Buggerru: tra miniere e mare | Mediterranews

2022-08-27 02:24:21 By : Ms. Ann Yang

Attualmente, l’abitato di Buggerru conta più di 1.000 abitanti, un buon numero considerando lo spopolamento dei borghi in Sardegna. Il numero balza ancor più all’occhio se si considera che questo paesino, di fronte al mare dell’iglesiente, è nato solo nel 1864 in collegamento con l’attività mineraria.

Oggi Buggerru vive di turismo, ma la sua origine è legata alle vicende minerarie del Sud Sardegna tra ‘800 e ‘900.

Buggerru è un piccolo paesino affacciato sul mare non lontano da Iglesias, sulla costa sud-ovest della Sardegna. Partendo da Iglesias, è raggiungibile seguendo lo stesso percorso che guida fino a Porto Flavia: prima si segue fuori dalla città la SS126, poi si prende la svolta proprio per Nebida/Buggerru, immettendosi sulla SP83 che, passate Nebida, Masua e Acquaresi, condurrà al paesino sul mare. Il tragitto è lungo 35 chilometri, per circa un’ora di viaggio in macchina fatto di saliscendi e curve tortuose.

Buggerru è anche servito dalla linea 804 dell’ARST, che parte in genere da Piazza Mercato a Iglesias (e che ferma sia all’andata che al ritorno presso la stazione dei treni). Per informazioni aggiornate sugli orari e il percorso è consigliato chiamare il numero verde ARST.

Buggerru oggi è un centro turistico che si divide tra il racconto del suo passato minerario e le sue belle spiagge. Chi vi fa visita potrà visitare le gallerie Henry, che offrono varie viste mozzafiato a picco sul mare, nonché il Museo del Minatore, vicino al porticciolo, e le varie laverie.

Tra le belle spiagge della zona si segnalano Cala Domestica e la vicina Portixeddu.

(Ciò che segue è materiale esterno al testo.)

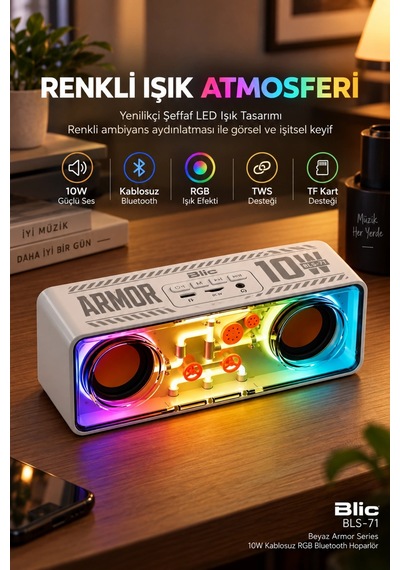 Blic Bls-71 Beyaz Armor Series 10w Kablosuz Rgb Bluetooth Hoparlör Tws Tf Kart Desteği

Buggerru ha visto la luce nel 1864 come insediamento legato all’attività mineraria della zona, per mano della Société anonyme des mines de Malfidano. Nel 1879 arrivarono l’ufficio postale e la scuola, nel 1882 la chiesa (in stile neoclassico, dedicata a San Giovanni Battista) e nel 1886 il telegrafo, mentre la corrente elettrica fece la comparsa nel 1896.

Nel 1877 gli abitanti erano già 2.000, mentre a fine ‘800 erano arrivati a 6.000: uno sviluppo vertiginoso. Presto Buggerru prese quindi il nome di “Petit Paris”, dovuto all’illuminazione elettrica ma anche al vibrante contesto socio-culturale che gli imprenditori francesi avevano saputo creare nel corso degli anni.

Il paesino arrivò ad ospitare varie sale da ballo, un cinema-teatro (il Perrier, nato negli anni ’20 del 1900, che ebbe scarso successo) e una banda musicale che si esibiva in occasione delle feste. A Buggerru fu anche immatricolata la prima automobile della provincia di Cagliari, forse la prima della storia della Sardegna.

A inizio ‘900 la popolazione raggiunse il suo picco: 8000 abitanti, tra cui 3000 minatori e 500 tra donne e bambini dediti alla cernita del materiale estratto. Si trattava del quinto centro dell’isola (Cagliari arrivava a soli 50.000 abitanti).

Non è tutto oro ciò che luccica: la storia finora raccontata può aver dato l’idea di un contesto felice e idillico, ma le cose non stavano decisamente così. La bella vita e lo svago erano limitati ai padroni delle miniere, mentre per i lavoratori la vita dava poche soddisfazioni.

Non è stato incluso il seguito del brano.